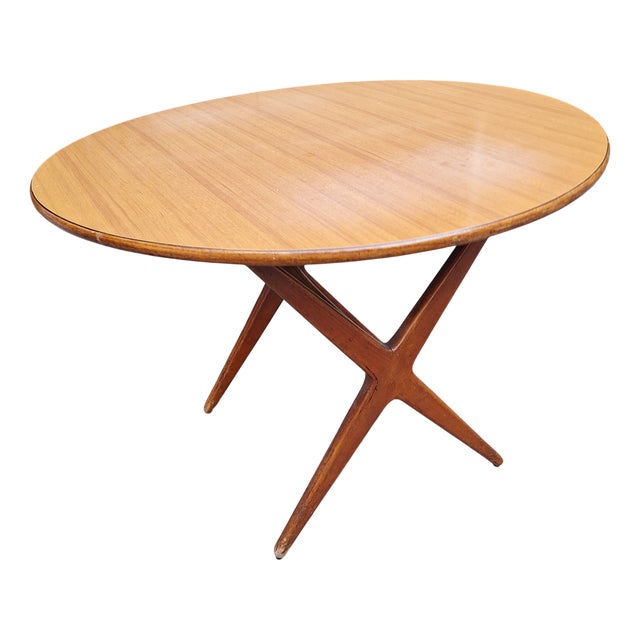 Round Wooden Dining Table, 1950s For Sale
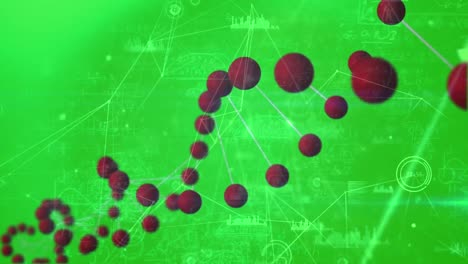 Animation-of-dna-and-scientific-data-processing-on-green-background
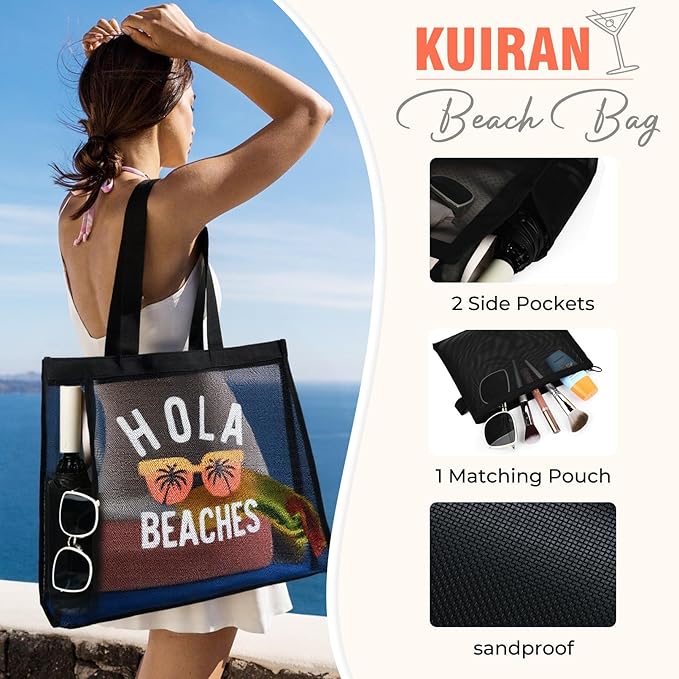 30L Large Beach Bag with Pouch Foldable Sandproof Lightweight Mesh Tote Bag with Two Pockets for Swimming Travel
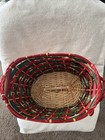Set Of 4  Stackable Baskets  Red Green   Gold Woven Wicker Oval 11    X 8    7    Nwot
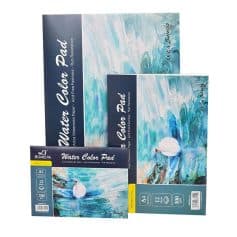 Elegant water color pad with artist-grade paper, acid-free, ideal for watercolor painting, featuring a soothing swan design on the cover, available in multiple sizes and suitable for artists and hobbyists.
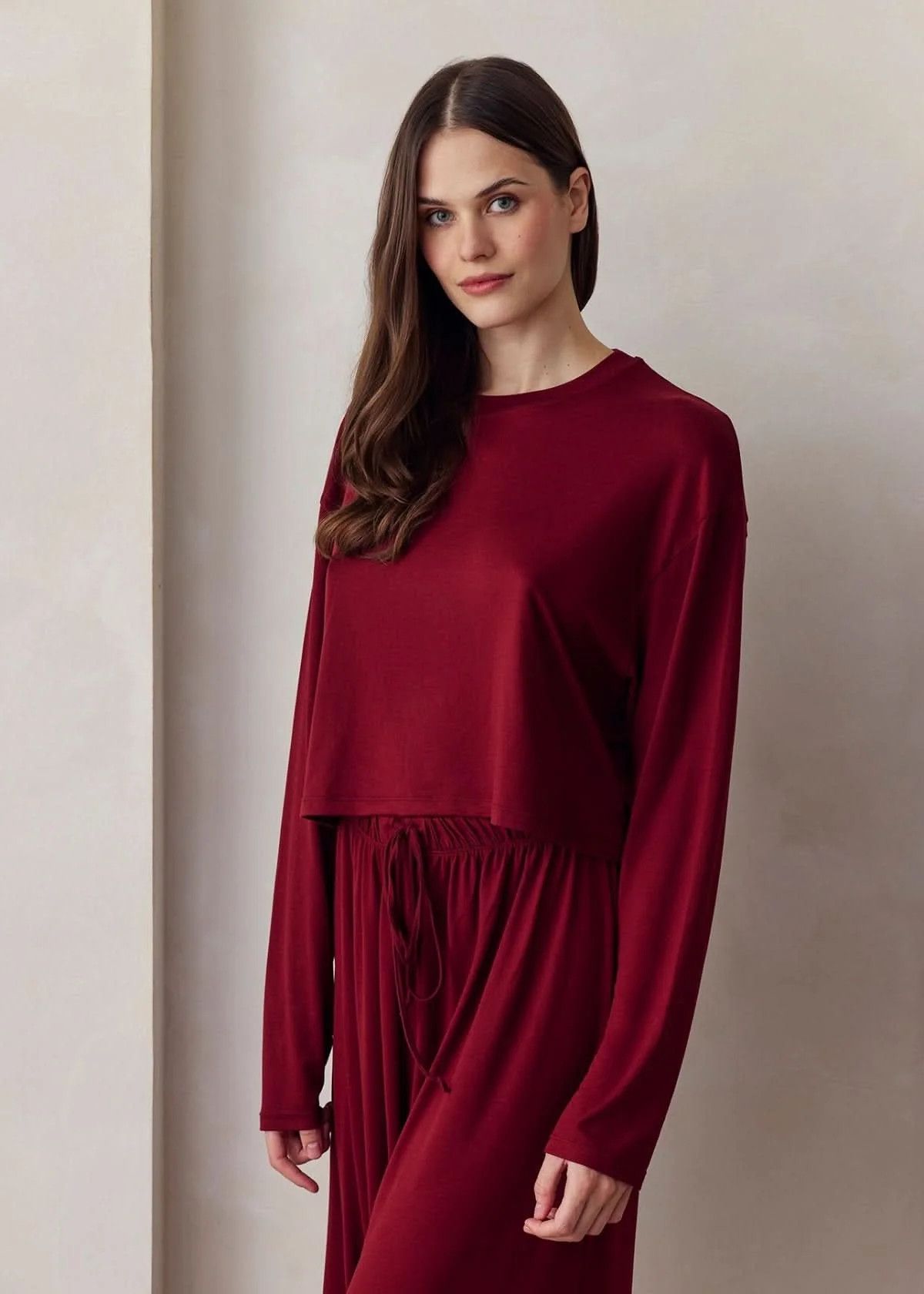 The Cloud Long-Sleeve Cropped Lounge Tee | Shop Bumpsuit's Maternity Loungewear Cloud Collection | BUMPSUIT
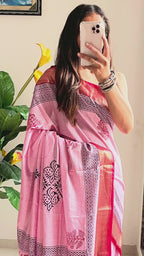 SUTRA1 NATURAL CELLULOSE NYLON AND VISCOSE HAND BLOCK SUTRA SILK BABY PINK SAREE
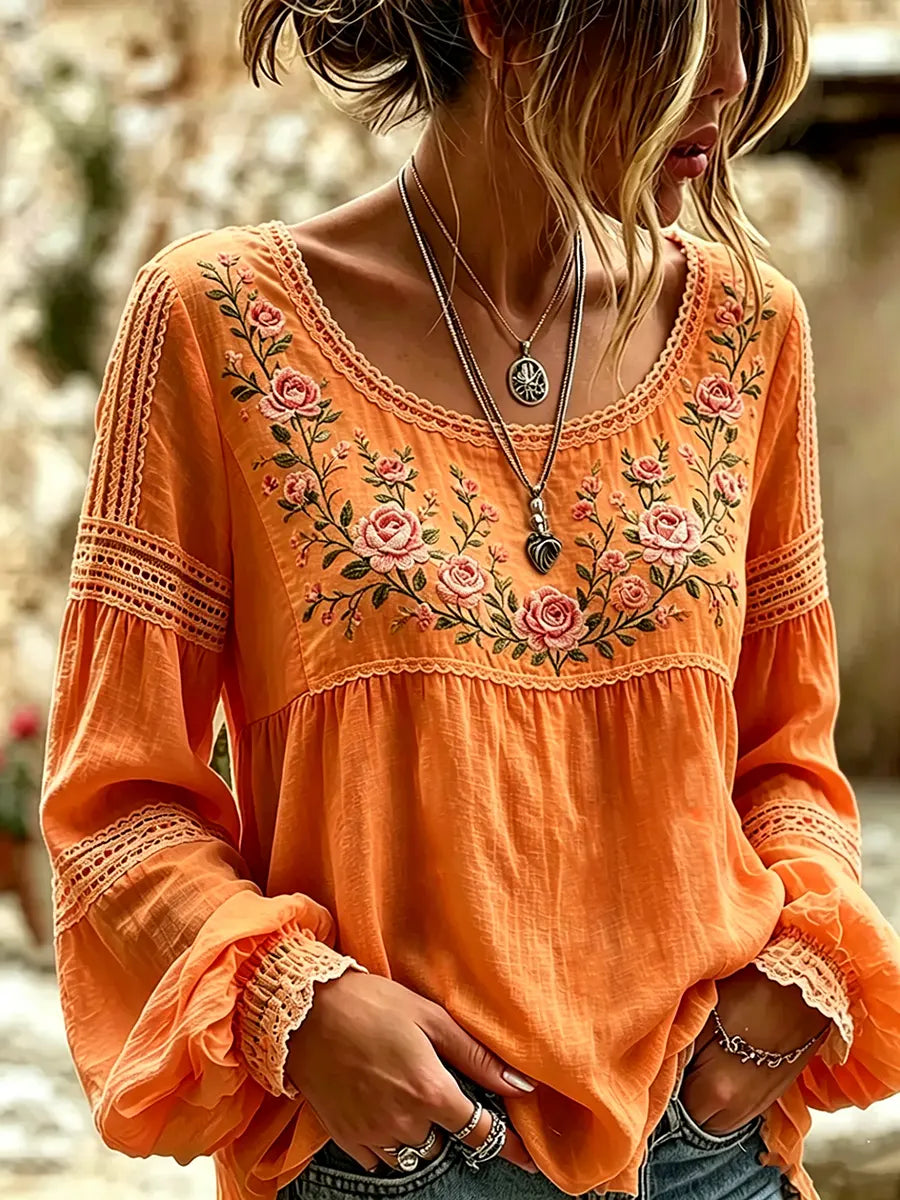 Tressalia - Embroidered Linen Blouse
---
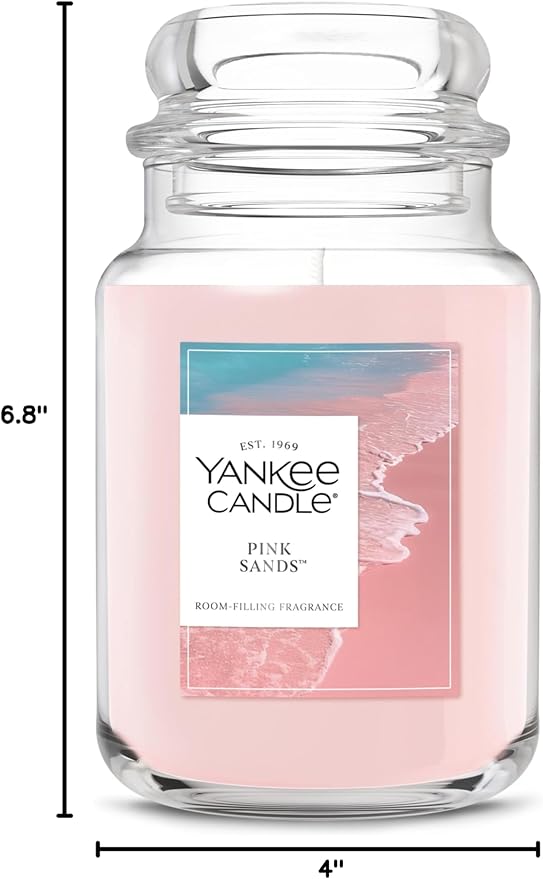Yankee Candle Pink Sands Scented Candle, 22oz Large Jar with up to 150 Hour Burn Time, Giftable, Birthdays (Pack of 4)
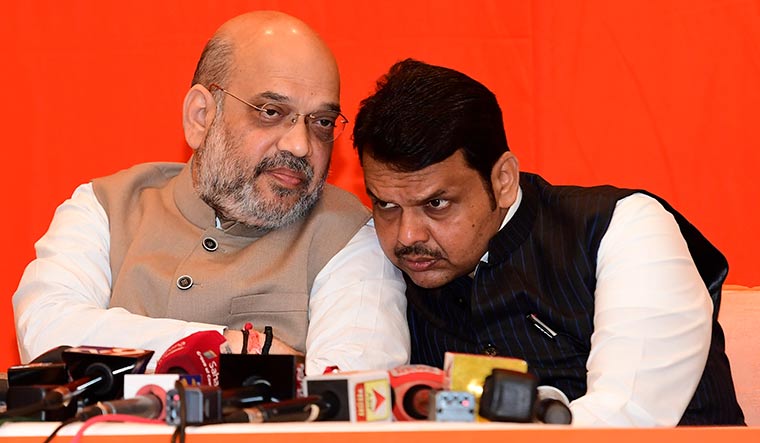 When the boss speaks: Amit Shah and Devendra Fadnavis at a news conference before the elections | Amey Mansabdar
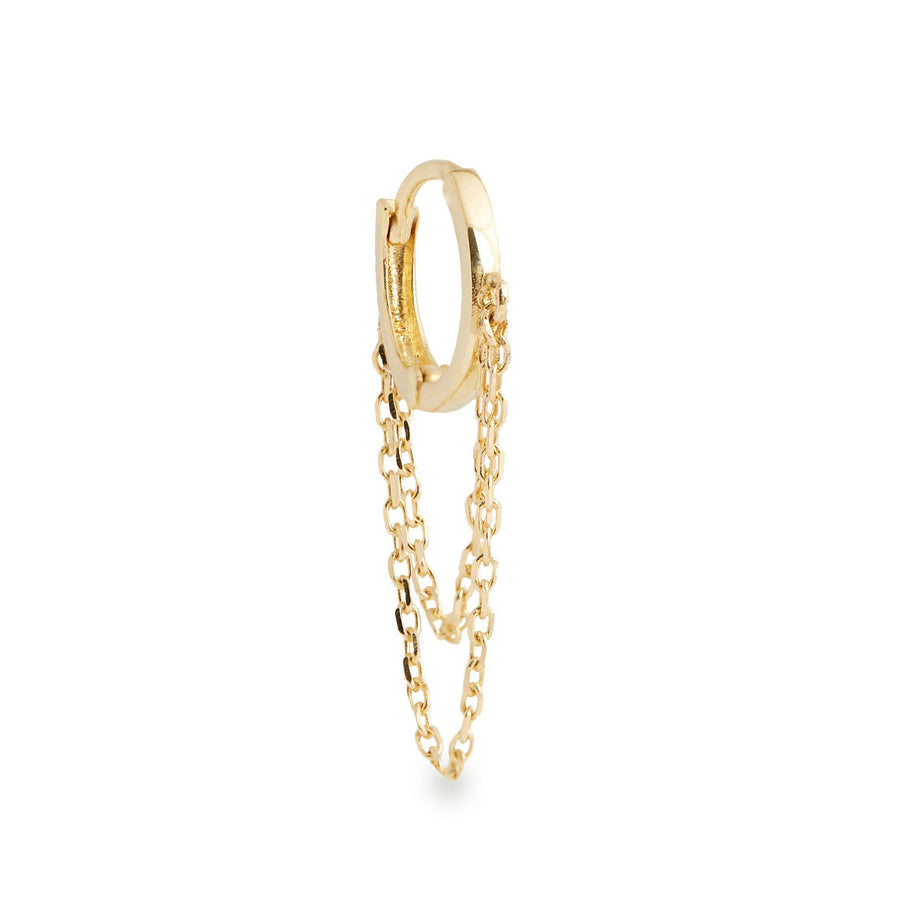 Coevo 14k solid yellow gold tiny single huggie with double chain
---
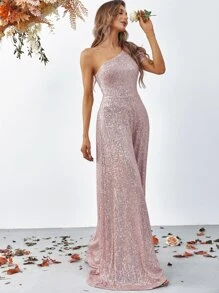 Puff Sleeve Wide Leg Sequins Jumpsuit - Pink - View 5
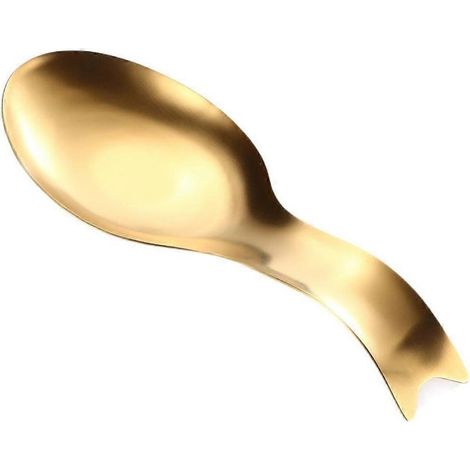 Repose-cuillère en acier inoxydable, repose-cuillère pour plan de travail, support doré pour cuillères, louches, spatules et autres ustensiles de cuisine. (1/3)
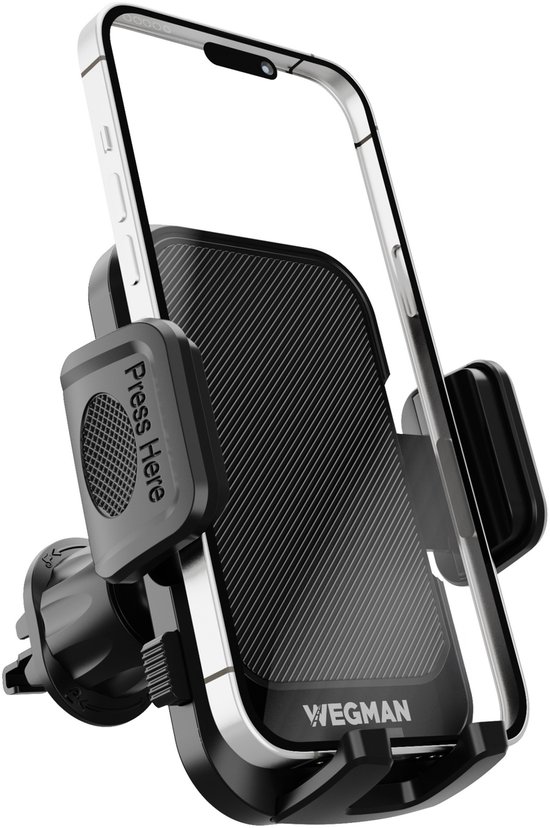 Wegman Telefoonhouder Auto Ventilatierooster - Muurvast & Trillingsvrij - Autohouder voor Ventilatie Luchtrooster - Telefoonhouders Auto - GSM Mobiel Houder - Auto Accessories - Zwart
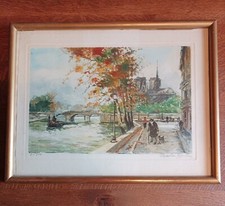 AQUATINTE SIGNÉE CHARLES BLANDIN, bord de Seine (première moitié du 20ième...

• **DESCRIPTION OF THE TASK**
Look above for the line containing "SUTRA1 NATURAL CELLULOSE", then write out every line from there down to the line containing "Tressalia - Embroidered Linen Blouse", that line included, with no pictures.

• **ANSWER TO THIS EXERCISE**
 SUTRA1 NATURAL CELLULOSE NYLON AND VISCOSE HAND BLOCK SUTRA SILK BABY PINK SAREE
 Tressalia - Embroidered Linen Blouse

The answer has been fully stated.